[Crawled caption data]
┄┄┄┄┄┄┄┄┄┄┄┄┄┄┄┄┄┄┄┄
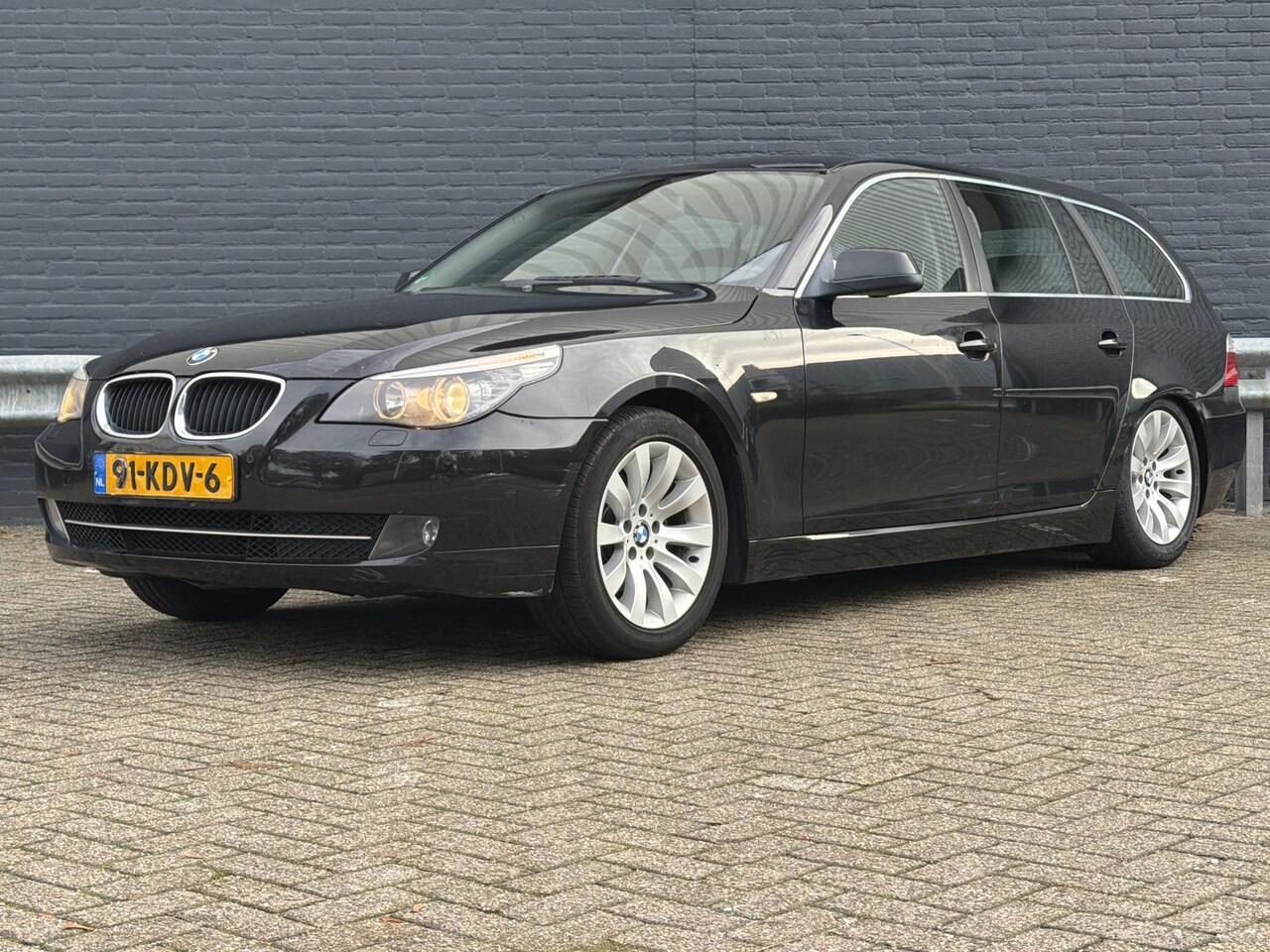 BMW 5-serie Touring - 520i Corporate Lease Business Line Edition I - AutoWereld.nl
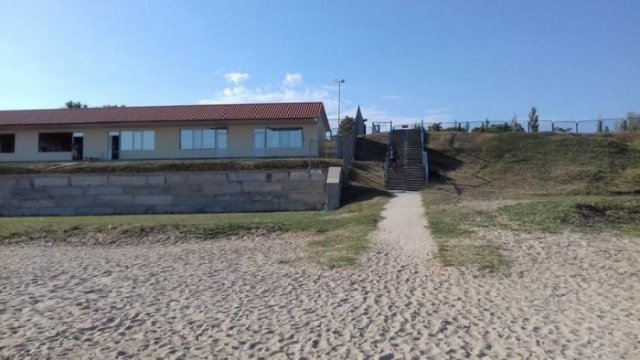 Пляж в Приморске. ДОУ "Волна" Пляж в Приморске. ДОУ "Волна"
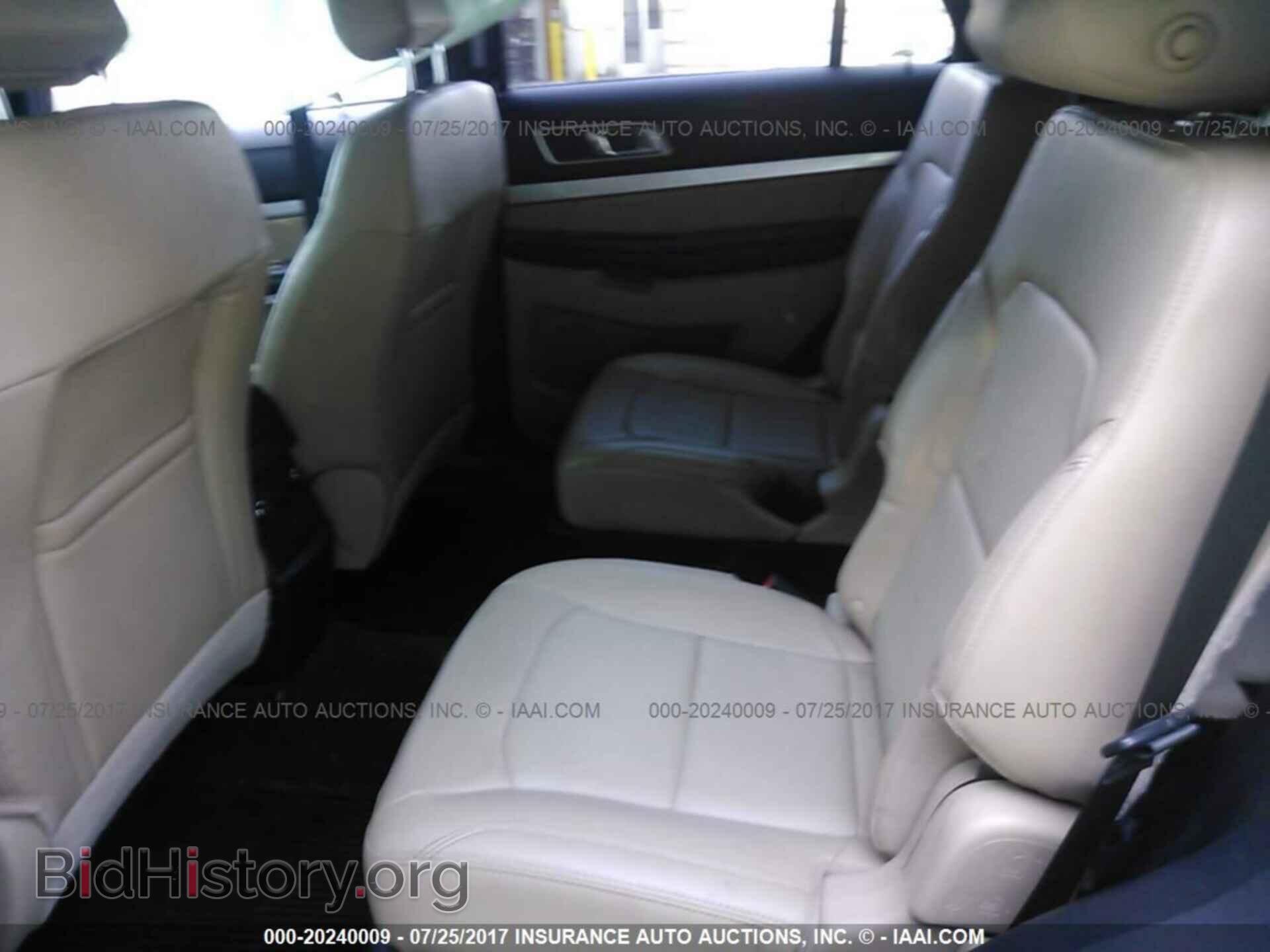 2016 Ford Explorer - VIN: 1FM5K8D85GGA30333 - Photo 8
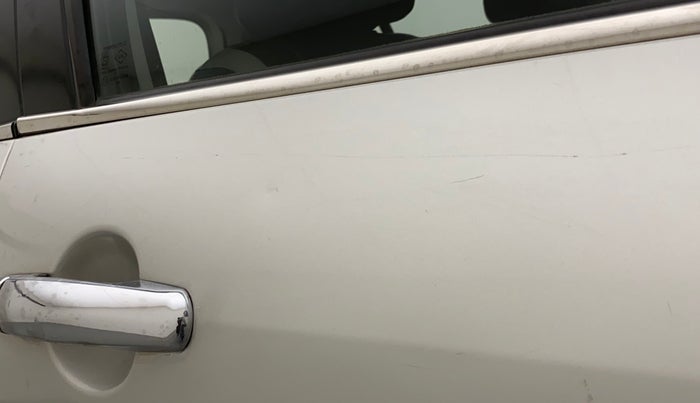 2017 Maruti Swift VDI (O), Diesel, Manual, 94,926 km, Driver-side door - Slightly dented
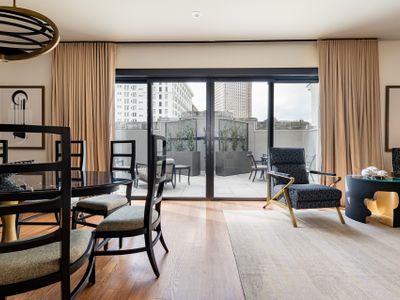 3BR Lavish Penthouse + Patio | Mayfair Hotel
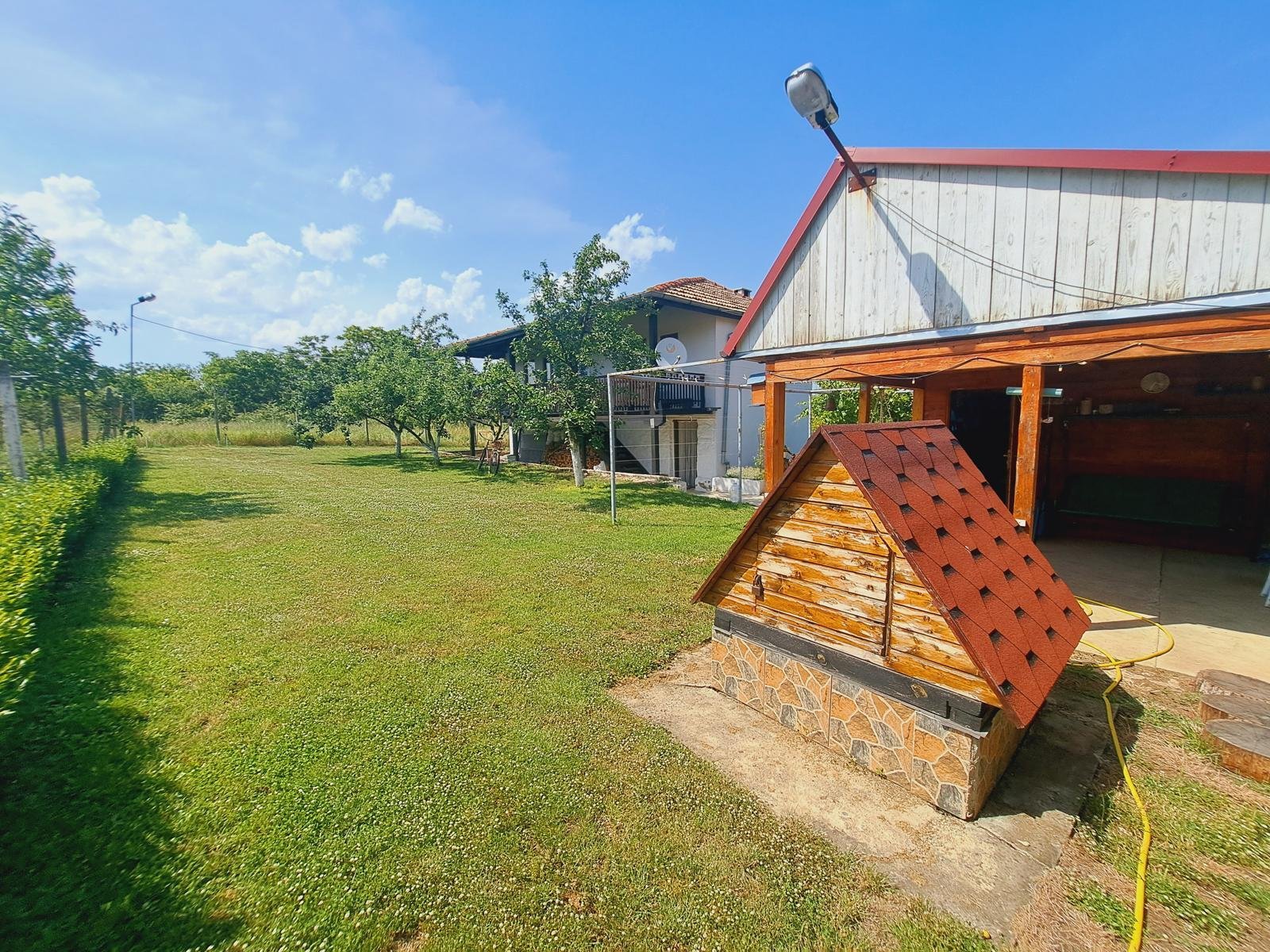 Дом с тремя комнатами в Средец, Зорница, Болгария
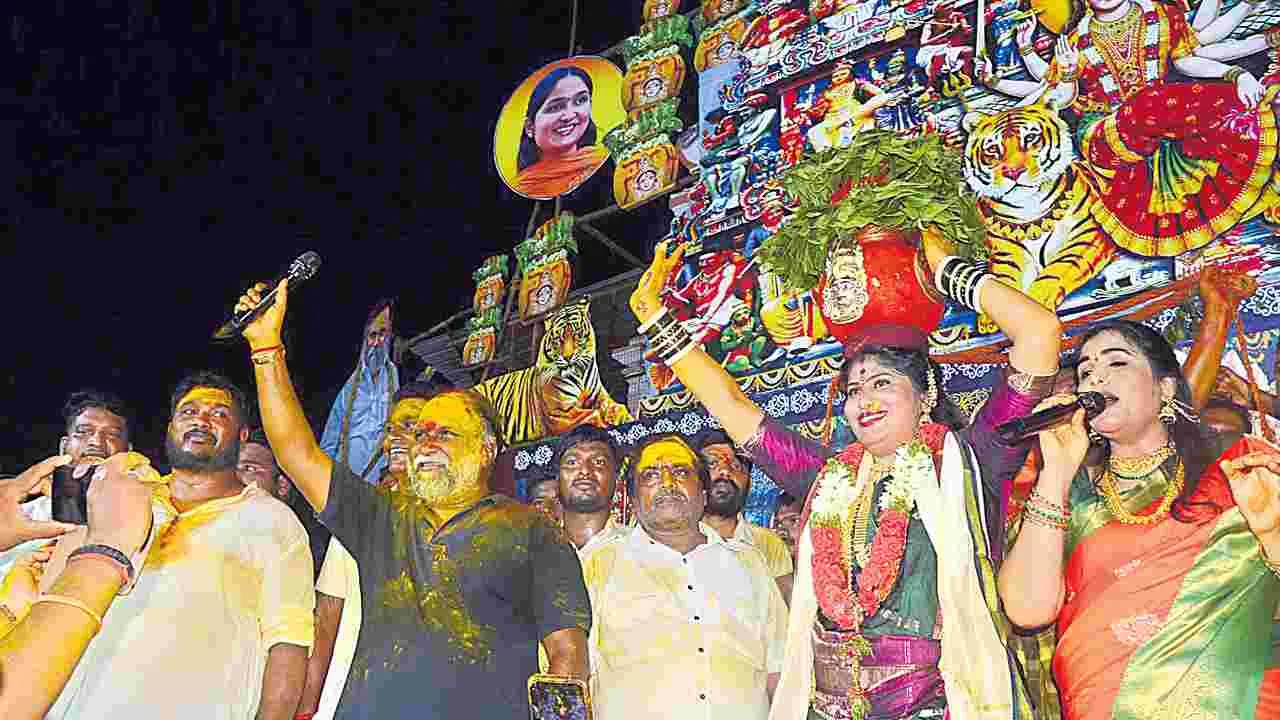 JaggaReddy Bonalu Festival: గంజాయి తాగితే నరాలు పనిచేయవు.. దూరంగా ఉండండి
┄┄┄┄┄┄┄┄┄┄┄┄┄┄┄┄┄┄┄┄
Omitting all pictures, retype exactly the lines from the line containing "3BR Lavish Penthouse + Patio | Mayfair Hotel" down to the last line above, both ends included.

 3BR Lavish Penthouse + Patio | Mayfair Hotel
 Дом с тремя комнатами в Средец, Зорница, Болгария
 JaggaReddy Bonalu Festival: గంజాయి తాగితే నరాలు పనిచేయవు.. దూరంగా ఉండండి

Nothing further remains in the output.